→ **WORK INSTRUCTION**: Images do not belong in the copy. Retype the entries exactly.

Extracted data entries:

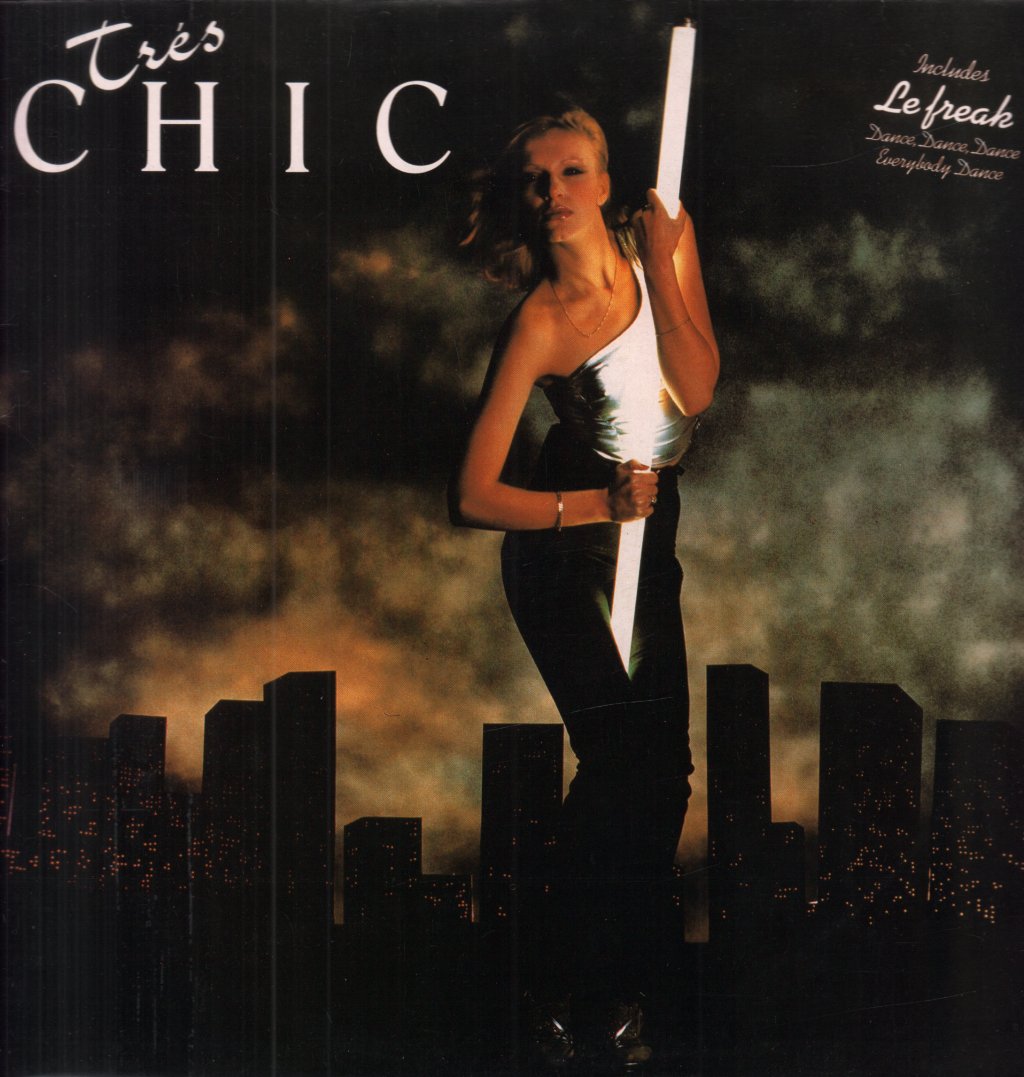 Chic - Tres Chic - Lp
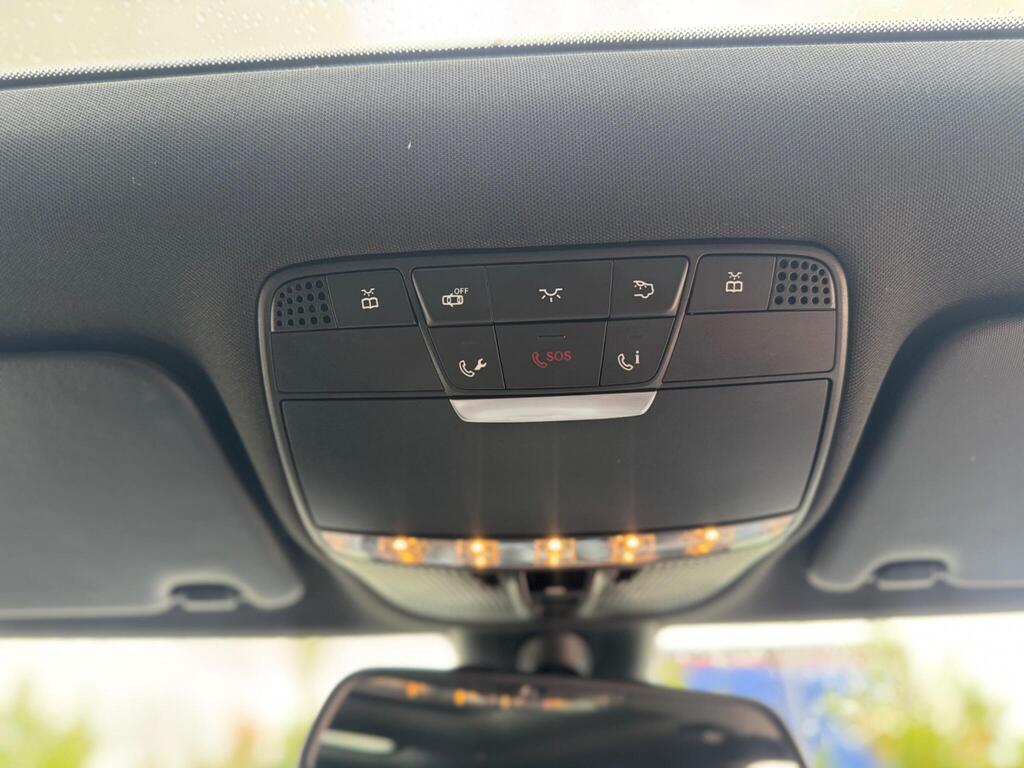 2016 Mercedes-Benz C Class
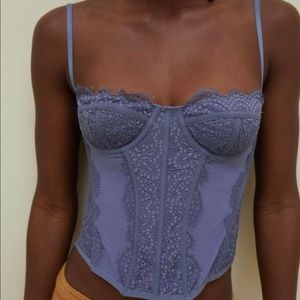 Urban Outfitters Modern Love Corset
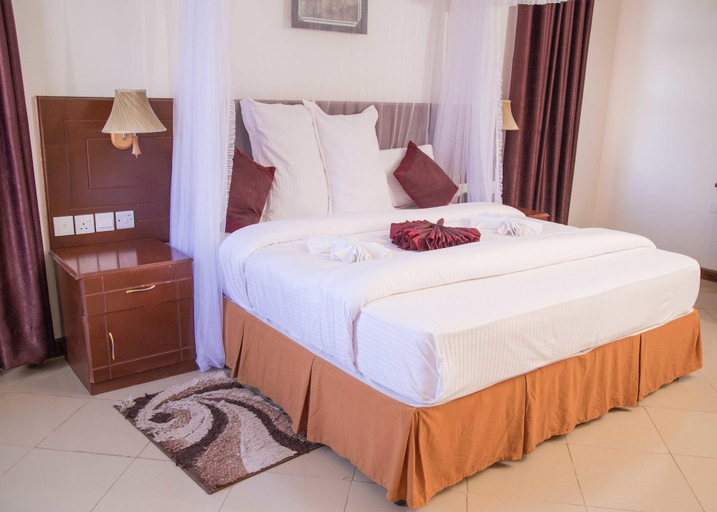 Bedroom 3, Isamilo Lodge & Spa, Nyamagana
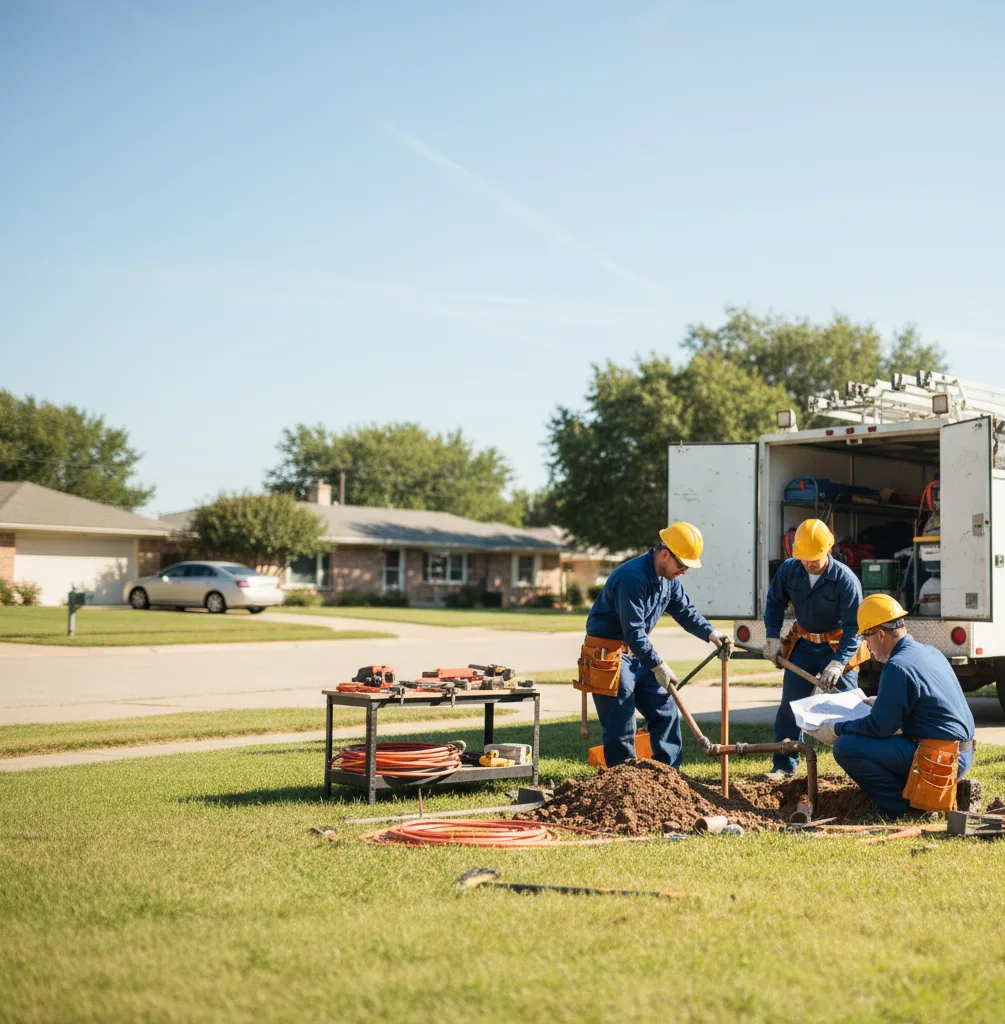 Emergency Plumbing in Bernardston, MA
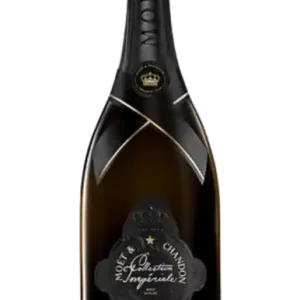 Latest MOET & CHANDON CHAMPAGNE BRUT COLLECTION IMPERIALE NO 1 750ML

→ **ANSWER BELOW**:
 Chic - Tres Chic - Lp
 2016 Mercedes-Benz C Class
 Urban Outfitters Modern Love Corset
 Bedroom 3, Isamilo Lodge & Spa, Nyamagana
 Emergency Plumbing in Bernardston, MA
 Latest MOET & CHANDON CHAMPAGNE BRUT COLLECTION IMPERIALE NO 1 750ML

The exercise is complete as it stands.